The appearance of the bright white Long Barrow would act as a directing indicator from a great distance against a green grass background.
Another remarkable aspect of Long Barrows is its location and position on the landscape. If we look at the extensive river ways after the last ice age, we notice that these monuments are built parallel to significant rivers and appear at junctions where rivers converge. Moreover, they don’t occur on the top of the hills surrounding the rivers but appear just over halfway up – so that they cannot be seen over the top of the hill on the opposite side. Because of their size and construction materials, these ‘markers’ are visible for miles like white pointers in daylight, but because they are pure white, they can also be seen at night with ‚moonshine’.
However, these objects are not in Egypt; they are in Northern Europe, and within the Mesolithic period, our ancestors are supposed to have been primitive‚ hunter gathers’ that lived in temporary shelters. The concept of boats (according to the experts) would not become common for another four thousand years.
If this was a marine civilisation that lived so long ago, who were they, and why have we not found any evidence of them?
Astonishingly, we have, and it’s in the form of myths, wooden planking and wall paintings. As we have already shown, the voyage to the afterlife is a well-known myth and practised belief. Even today, yet another tale connecting us to our marine ancestry and ritual of death is moonlight as well as headstones and raising spirits. Stonehenge is a ‘world heritage site’ made of stone, and when it was first constructed, our ancestors surrounded it with a circle of 58 (four tonnes) ‘Bluestones’ dug into round chalk holes (called Aubrey Holes, named after their discoverer). With these stones, you can flawlessly track the moon’s seasons (like a calendar), connecting a link between the Stones and the moon.
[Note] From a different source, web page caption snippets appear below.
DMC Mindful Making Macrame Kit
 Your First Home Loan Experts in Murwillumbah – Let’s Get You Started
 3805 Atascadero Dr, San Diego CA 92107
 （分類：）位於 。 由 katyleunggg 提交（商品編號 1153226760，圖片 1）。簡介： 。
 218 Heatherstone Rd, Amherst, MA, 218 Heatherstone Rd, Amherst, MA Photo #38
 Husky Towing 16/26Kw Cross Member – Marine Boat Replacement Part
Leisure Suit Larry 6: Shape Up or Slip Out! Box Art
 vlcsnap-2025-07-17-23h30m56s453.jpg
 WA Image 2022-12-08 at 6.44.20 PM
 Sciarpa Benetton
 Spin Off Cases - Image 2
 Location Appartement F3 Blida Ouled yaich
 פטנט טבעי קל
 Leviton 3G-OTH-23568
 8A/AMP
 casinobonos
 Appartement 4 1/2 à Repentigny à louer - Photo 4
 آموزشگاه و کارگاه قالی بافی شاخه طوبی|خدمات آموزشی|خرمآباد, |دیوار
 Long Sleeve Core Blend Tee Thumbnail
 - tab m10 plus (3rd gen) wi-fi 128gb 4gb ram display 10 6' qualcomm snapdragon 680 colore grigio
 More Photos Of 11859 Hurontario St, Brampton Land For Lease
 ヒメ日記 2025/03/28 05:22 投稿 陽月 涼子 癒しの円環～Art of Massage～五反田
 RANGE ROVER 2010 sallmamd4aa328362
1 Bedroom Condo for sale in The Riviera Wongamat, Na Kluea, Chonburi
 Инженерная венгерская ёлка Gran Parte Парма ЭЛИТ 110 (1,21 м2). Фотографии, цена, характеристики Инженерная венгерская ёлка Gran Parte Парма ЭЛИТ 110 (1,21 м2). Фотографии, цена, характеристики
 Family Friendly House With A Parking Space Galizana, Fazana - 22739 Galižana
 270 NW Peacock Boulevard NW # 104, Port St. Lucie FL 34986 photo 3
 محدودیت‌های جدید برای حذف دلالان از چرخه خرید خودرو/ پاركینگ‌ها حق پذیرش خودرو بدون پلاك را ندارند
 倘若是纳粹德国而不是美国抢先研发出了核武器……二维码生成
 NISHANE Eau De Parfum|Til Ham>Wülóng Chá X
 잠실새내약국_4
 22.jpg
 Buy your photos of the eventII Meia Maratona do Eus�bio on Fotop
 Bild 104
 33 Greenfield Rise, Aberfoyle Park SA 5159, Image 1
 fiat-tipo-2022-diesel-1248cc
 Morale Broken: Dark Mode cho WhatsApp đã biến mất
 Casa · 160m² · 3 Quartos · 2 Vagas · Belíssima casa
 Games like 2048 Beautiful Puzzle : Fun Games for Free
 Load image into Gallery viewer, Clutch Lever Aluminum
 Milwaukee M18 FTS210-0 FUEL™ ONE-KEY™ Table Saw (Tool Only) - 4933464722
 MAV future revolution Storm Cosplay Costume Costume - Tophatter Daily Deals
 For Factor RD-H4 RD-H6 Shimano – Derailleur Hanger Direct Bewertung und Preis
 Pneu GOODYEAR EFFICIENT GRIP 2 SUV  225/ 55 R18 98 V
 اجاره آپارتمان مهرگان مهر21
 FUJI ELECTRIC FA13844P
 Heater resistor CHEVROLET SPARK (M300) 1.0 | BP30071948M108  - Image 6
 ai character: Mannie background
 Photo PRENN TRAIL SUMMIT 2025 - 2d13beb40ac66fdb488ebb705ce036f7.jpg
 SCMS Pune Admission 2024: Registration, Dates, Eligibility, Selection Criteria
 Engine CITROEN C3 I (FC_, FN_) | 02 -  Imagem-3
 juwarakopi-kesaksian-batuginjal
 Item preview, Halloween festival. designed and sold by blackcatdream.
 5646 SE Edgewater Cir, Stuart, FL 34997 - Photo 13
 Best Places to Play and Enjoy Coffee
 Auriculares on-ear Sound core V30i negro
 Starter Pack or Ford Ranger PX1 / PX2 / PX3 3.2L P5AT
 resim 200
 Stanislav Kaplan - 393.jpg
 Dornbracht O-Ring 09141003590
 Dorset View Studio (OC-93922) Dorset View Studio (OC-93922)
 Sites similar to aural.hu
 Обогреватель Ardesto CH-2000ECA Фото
But where did the body lay before the bones were collected?
Archaeologists have found that originally, in the centre of Stonehenge lay two rows of stone holes (Q & R) two metres apart in a crescent shape open to the NW segment of the monument. These holes held stone slabs for the dead, on which they laid in a ceremony known as an ‘Excarnation’, where the dead are left to rot naturally. Stonehenge is surrounded by no less than ten Long Barrows, which would have taken the dead bodies over two thousand years. Each of the Long Barrows are built on the shorelines of the Mesolithic waterways (which were 30m higher than today), and at least two barrows have had ‘canals’ created from the shorelines to the entrance of the barrow.
These constructions show that the ceremony of taking the bones by boat from Stonehenge to the Long Barrows for final burial probably undertaken at sunset or in the dead of the night under a full moon, where the bones and spirit of the departed rise for the last time and go on their final voyage?